The following provides guidance on the model applicability:
(b)
The NRCS antecedent runoff condition II (ARC II, previously
AMC II) must be used for all simulations. The use of continuous simulation
models that vary the ARC are not permitted for stormwater management
purposes.
(3)
For comparison of peak flow rates, flows shall be rounded to a tenth
of a cubic foot per second (cfs).
F.
Runoff coefficients.
(1)
Rational Method. Use Table C-1 (Appendix C).[1]
[1]
Editor's Note: Appendix C is attached to this chapter.
(2)
NRCS Rainfall-Runoff Method. Use Table C-2 (Appendix C). Curve numbers
(CN) should be rounded to tenths for use in hydrologic models as they
are a design tool with statistical variability. For large sites, CNs
should realistically be rounded to the nearest whole number.
(3)
For the purposes of predevelopment peak flow rate and volume determination,
existing nonforested pervious areas conditions shall be considered
as meadow (good condition).
(4)
For the purposes of predevelopment peak flow rate and volume determination,
20% of existing impervious area, when present, shall be considered
meadow (good condition).
G.
Design storm.
(1)
All stormwater management facilities shall be verified by routing
the proposed one-, two-, ten-, twenty-five-, fifty- and one-hundred-year
hydrographs through the facility using the Storage Indication Method
or Modified Puls Method.

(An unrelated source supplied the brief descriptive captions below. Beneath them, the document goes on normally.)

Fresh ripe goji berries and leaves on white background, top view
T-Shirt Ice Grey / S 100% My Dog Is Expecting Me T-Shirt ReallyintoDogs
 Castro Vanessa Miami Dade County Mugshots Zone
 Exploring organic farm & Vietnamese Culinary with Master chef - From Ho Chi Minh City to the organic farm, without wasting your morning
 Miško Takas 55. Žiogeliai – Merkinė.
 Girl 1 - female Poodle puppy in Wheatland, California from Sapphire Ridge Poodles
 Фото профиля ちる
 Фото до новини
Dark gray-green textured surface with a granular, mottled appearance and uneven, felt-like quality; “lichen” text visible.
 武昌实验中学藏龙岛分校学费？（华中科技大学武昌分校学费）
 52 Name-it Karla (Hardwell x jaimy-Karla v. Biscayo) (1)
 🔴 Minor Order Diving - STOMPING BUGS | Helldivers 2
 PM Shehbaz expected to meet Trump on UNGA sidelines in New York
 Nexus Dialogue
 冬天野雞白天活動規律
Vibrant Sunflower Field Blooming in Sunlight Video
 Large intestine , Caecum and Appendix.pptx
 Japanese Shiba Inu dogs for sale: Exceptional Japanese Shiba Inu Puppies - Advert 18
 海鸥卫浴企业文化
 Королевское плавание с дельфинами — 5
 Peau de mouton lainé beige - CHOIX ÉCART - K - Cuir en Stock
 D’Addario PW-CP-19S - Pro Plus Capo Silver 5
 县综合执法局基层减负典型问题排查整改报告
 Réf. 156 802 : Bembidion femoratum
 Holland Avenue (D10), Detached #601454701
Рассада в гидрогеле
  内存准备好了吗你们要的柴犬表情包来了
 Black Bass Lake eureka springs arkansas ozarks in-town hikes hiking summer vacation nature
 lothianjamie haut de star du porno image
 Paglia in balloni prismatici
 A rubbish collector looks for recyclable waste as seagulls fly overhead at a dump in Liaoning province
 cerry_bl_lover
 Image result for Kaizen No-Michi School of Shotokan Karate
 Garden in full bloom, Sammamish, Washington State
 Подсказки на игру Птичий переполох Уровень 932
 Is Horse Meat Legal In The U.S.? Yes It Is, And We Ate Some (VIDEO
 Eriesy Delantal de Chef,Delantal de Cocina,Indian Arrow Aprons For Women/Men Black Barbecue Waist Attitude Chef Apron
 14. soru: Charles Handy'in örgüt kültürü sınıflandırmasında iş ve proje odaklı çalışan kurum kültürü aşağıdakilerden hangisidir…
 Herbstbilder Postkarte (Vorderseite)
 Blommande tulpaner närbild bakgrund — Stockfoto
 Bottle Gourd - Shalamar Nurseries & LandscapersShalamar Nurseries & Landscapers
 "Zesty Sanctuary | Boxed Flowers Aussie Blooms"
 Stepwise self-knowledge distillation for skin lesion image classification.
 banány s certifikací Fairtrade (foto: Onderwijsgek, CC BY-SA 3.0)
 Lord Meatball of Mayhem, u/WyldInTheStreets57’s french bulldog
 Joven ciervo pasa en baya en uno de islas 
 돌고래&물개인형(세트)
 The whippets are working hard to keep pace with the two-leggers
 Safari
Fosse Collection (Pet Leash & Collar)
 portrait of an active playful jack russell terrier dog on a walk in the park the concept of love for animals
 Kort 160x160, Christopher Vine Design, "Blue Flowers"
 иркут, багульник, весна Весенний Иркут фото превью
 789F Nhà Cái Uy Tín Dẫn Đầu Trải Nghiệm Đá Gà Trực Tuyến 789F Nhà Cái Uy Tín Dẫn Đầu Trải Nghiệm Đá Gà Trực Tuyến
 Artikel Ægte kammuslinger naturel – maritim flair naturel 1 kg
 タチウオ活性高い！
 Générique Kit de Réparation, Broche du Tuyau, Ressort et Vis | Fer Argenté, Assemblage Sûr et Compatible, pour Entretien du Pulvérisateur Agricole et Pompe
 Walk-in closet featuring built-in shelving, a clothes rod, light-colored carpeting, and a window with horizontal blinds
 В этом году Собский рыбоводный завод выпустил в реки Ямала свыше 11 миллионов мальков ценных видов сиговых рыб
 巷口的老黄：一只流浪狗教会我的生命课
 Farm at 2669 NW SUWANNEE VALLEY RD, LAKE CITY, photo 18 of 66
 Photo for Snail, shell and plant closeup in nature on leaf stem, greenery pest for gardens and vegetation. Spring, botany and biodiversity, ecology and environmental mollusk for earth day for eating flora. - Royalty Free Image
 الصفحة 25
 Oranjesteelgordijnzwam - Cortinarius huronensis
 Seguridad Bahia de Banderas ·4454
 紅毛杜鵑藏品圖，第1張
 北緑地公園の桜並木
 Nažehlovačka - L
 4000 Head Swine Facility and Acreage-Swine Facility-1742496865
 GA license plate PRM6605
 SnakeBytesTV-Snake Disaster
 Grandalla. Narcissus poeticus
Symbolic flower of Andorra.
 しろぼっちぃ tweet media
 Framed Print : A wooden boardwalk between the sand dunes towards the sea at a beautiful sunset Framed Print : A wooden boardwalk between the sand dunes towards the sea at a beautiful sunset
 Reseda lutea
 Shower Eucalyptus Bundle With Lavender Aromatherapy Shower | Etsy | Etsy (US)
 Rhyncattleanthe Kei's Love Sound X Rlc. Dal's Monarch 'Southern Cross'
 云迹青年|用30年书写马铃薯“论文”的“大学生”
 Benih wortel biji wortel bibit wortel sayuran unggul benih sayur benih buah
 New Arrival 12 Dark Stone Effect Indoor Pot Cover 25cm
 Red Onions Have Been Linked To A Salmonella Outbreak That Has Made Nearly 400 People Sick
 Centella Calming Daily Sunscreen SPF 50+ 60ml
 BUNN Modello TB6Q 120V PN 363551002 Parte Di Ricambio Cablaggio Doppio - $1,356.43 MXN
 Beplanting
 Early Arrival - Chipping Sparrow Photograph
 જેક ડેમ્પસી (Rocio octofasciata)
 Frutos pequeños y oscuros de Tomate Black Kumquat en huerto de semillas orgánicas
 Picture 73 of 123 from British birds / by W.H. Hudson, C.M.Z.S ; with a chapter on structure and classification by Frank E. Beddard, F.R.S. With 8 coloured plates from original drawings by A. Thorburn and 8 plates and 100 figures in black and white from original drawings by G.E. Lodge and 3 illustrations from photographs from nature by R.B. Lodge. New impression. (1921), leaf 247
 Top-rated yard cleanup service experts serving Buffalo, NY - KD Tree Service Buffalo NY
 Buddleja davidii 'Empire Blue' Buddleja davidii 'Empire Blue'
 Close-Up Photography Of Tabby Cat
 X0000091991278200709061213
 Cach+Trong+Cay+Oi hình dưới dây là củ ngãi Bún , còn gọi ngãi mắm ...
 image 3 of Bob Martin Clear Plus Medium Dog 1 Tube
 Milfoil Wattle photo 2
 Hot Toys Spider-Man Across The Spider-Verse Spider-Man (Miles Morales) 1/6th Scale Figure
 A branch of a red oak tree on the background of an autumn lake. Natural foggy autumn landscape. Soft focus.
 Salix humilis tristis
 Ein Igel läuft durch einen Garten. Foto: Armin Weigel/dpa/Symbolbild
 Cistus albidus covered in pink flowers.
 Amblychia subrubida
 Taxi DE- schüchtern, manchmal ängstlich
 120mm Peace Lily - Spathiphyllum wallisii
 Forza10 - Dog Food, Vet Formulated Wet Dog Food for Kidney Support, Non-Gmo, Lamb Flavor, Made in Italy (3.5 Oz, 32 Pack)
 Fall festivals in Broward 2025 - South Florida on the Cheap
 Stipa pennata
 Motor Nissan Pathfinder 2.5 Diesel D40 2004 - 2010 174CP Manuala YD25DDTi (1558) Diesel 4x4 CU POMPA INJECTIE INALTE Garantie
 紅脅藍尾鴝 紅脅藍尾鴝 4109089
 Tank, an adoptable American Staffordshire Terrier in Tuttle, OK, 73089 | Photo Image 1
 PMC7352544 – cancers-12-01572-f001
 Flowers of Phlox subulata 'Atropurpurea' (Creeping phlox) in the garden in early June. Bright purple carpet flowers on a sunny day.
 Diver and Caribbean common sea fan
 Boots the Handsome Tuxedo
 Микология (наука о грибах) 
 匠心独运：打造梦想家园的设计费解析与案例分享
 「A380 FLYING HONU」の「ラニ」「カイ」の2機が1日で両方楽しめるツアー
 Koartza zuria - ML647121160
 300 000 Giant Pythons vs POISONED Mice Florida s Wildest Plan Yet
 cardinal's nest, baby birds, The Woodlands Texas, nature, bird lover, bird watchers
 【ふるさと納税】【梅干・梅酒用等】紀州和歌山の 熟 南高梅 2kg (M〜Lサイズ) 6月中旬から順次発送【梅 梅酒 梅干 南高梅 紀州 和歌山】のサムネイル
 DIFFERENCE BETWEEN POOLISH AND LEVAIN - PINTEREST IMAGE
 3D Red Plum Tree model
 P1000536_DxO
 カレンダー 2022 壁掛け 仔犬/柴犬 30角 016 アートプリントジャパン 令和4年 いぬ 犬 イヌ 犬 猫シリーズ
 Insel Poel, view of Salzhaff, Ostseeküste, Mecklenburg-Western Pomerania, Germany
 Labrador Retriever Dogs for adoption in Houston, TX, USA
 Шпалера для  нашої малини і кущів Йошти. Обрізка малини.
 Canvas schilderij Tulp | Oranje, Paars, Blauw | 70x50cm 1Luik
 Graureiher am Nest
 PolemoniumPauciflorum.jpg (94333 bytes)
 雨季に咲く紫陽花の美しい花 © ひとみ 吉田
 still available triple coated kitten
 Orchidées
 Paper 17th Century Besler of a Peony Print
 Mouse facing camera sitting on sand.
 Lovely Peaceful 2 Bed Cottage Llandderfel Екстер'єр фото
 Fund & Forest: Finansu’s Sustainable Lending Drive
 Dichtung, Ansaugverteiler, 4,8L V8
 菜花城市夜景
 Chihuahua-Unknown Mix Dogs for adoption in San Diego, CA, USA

The twenty-four-hour design storm hydrograph
shall be computed using a calculation method that produces a full
hydrograph.
(2)
The stormwater management and drainage system shall be designed to
safely convey the post-development one-hundred-year storm event to
stormwater detention facilities for the purpose of meeting peak rate
control.
(3)
All structures (culvert or bridges) proposed to convey runoff under
a municipal road shall be designed to pass the fifty-year design storm
with a minimum one foot of freeboard measured below the lowest point
along the top of the roadway.
H.
Time of concentration.
(1)
The time of concentration is to represent the average condition that
best reflects the hydrologic response of the area. The following time
of concentration (Tc) computational methodologies
shall be used unless another method is preapproved by the Municipal
Engineer:
(a)
Predevelopment. NRCS's Lag Equation:
Time of Concentration = Tc = [(Tlag/0.6) * 60] (minutes)
|
Where:
| ||||
Tlag
|
=
|
Lag time (hours)
| ||
L
|
=
|
Hydraulic length of watershed (feet)
| ||
Y
|
=
|
Average overland slope of watershed (percent)
| ||
S
|
=
|
Maximum retention in watershed as defined by: S = [(1,000/CN)
- 10]
| ||
CN
|
=
|
NRCS curve number for watershed
|
(b)
Post-development; commercial, industrial, or other areas with
large impervious areas (greater than 20% impervious area) - NRCS Segmental
Method. The length of sheet flow shall be limited to 100 feet. Tc for channel and pipe flow shall be computed using Manning's
equation.
(c)
Post-development; residential, cluster, or other low-impact
designs less than or equal to 20% impervious area - NRCS Lag Equation
or NRCS Segmental Method.
(2)
Additionally, the following provisions shall apply to calculations
for time of concentration:
(a)
The post-development Tc shall never be
greater that the predevelopment Tc for any
watershed or subwatershed. This includes when the designer has specifically
used swales to reduce flow velocities. In the event that the designer
believes that the post-development Tc is greater,
it will still be set by default equal to the predevelopment Tc for modeling purposes.
(b)
The minimum Tc for any watershed shall
be five minutes.
(c)
The designer may choose to assume a five-minute Tc for any post-development watershed or subwatershed
without providing any computations.
(d)
The designer must provide computations for all predevelopment
Tc paths. A five-minute Tc cannot be assumed for predevelopment.
(e)
Undetained fringe areas (areas that are not tributary to a stormwater
facility but where a reasonable effort has been made to convey runoff
from all new impervious coverage to best management practices) may
be assumed to represent the predevelopment conditions for purpose
of Tc calculation.
I.
Drainage areas tributary to sinkholes or closed depressions in areas
underlain by limestone or carbonate geologic features shall be excluded
from the modeled point of analysis defining predevelopment flows.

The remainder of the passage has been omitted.